One of his best-remembered articles was written in 881; a rare piece of journalism for him at the time, as his editing and publishing duties left him little time to pursue his original line of actually writing. However, it's said that no other journalist in the world could have written this piece, precisely because of his renown. It was his idea to attend The Order's annual Pilgrimage to Monab, which takes place throughout the month of Su'gin. He wanted to report on what the proceedings were like, from the point of view of a non-spirit-talker. It is unlikely The Order would have consented to such a thing, if not for the fact that Hubert was so well-respected. Consent for the article, and full-access to the proceedings, were granted by Arch-bishop Esmeralda (whose home village was also First Village); though sadly, she died shortly before the Pilgrimage, and would never get to see the article he wrote about it, which was dedicated to her memory. It should be noted that a trader named Demos was also in Monab at that time. Though there is no evidence that Hubert and Demos crossed paths, many people would later speculate that they did in fact meet during the 881 Pilgrimage, and that something happened between them to turn them against each other.
Another article for which Hubert is remembered was written in 899. This was the year that gangs were first expanding their operations, and both InterVil and the court system were established in response. It is also the year that the adult license law was passed. The Chronicle served as an important source of information about all these developments, for villages around the world. In his article, Hubert proposed a subclause for the adult license law, which would deprive any known gang members of their emotional stamp, thus precluding them from being considered full adults. This also precluded them from voting, though at the time, that only applied to local referenda. It would, however, just a few years later, also apply to voting in elections, both local and federal. The respect people had for Hubert's opinions had only continued to grow over the years, and not surprisingly, when legal representatives were meeting in Kurok, they heeded his suggestion, including the subclause in the final draft of the law.

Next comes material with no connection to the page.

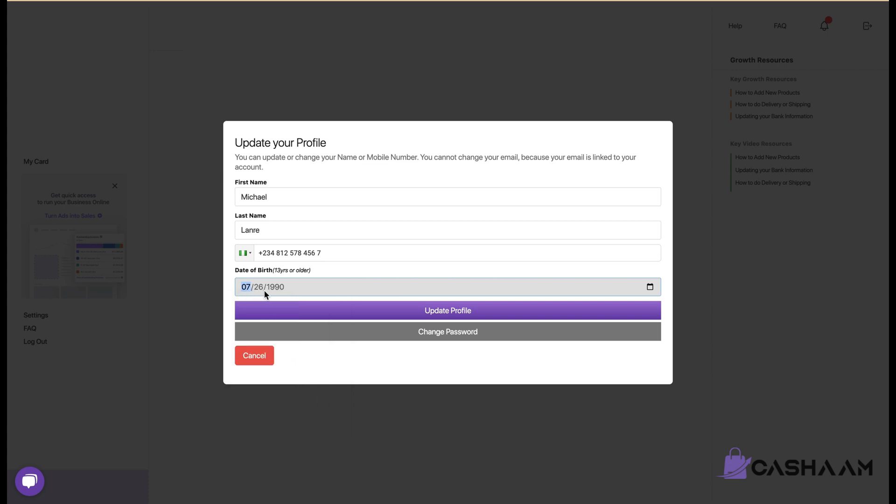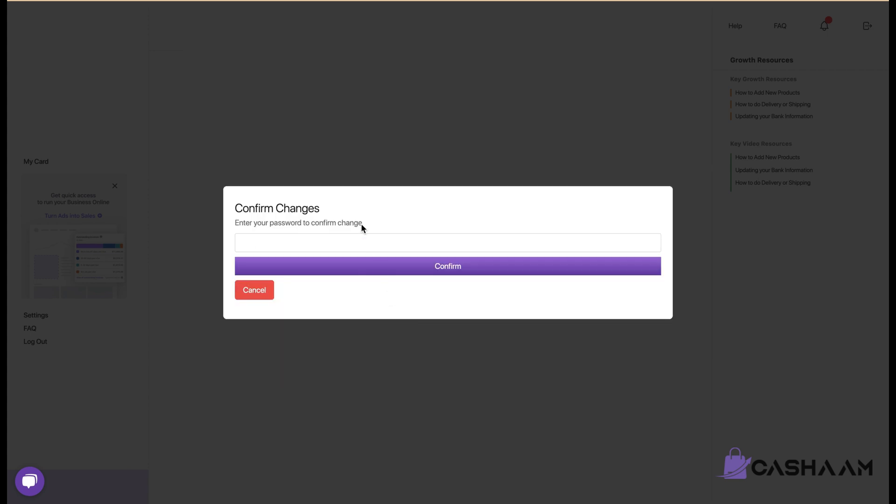Once you have that just cross-check to ensure that you have the correct date of birth and click on update profile. On this end you'll be asked to confirm this, so just enter your password and click on confirm.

When potential federal elections were first proposed in 902, various people around the world began campaigning for office. One of those in the running for the position of monarch was Demos, who Hubert made clear in several articles in the Chronicle, he did not believe should be elected. He even went so far as to enter the race himself. However, prior to the election, there was a scandal in which Hubert was discredited for printing libelous statements about Demos. As a result, he not only lost the election, he was also voted out of his position as both publisher and editor of the Chronicle, by the company's board of directors. (He was replaced as editor by Philip Wordsmith.) The scandal also led to the passing of the Political Eligibility Act, which, among other things, would preclude highly-placed journalists from running for high office.
When the surname law was passed in 904, Hubert chose the name "Goodnews," presumably because he still wanted people to see him as a good journalist, or perhaps it was a symbol of optimism in the face of his professional downfall. He was hoping he himself would ultimately receive good news. And the following year, he did: he was hired by an old friend, who was then editor of the Triscot Daily News. And so, Hubert moved to Triscot, where he currently resides. In 908, the editor retired, and was replaced by Hubert.
Obviously, in the years since he began working for the Triscot Daily News, he worked to rebuild his reputation, and slowly regained the trust of the public (at least in Triscot), as well as the trust of the paper's publisher. This process was helped by his long and distinguished career prior to the scandal, as well as to his apologetic attitude for having made a mistake. The most prominent example of this change of heart was displayed by his being master of ceremonies at a rally for Demos in 912, which also served to introduce the newly established public address system, which used bubble-screens and bubble-speakers. Later that same year, it would be proven that Hubert had in fact been right about Demos all along. It is unknown whether Hubert played a part in Demos's downfall, though those who did, used the PA system to their advantage. And so, at age 70, Hubert was vindicated, and his reputation fully restored not only in Triscot, but throughout the world. Good news, indeed.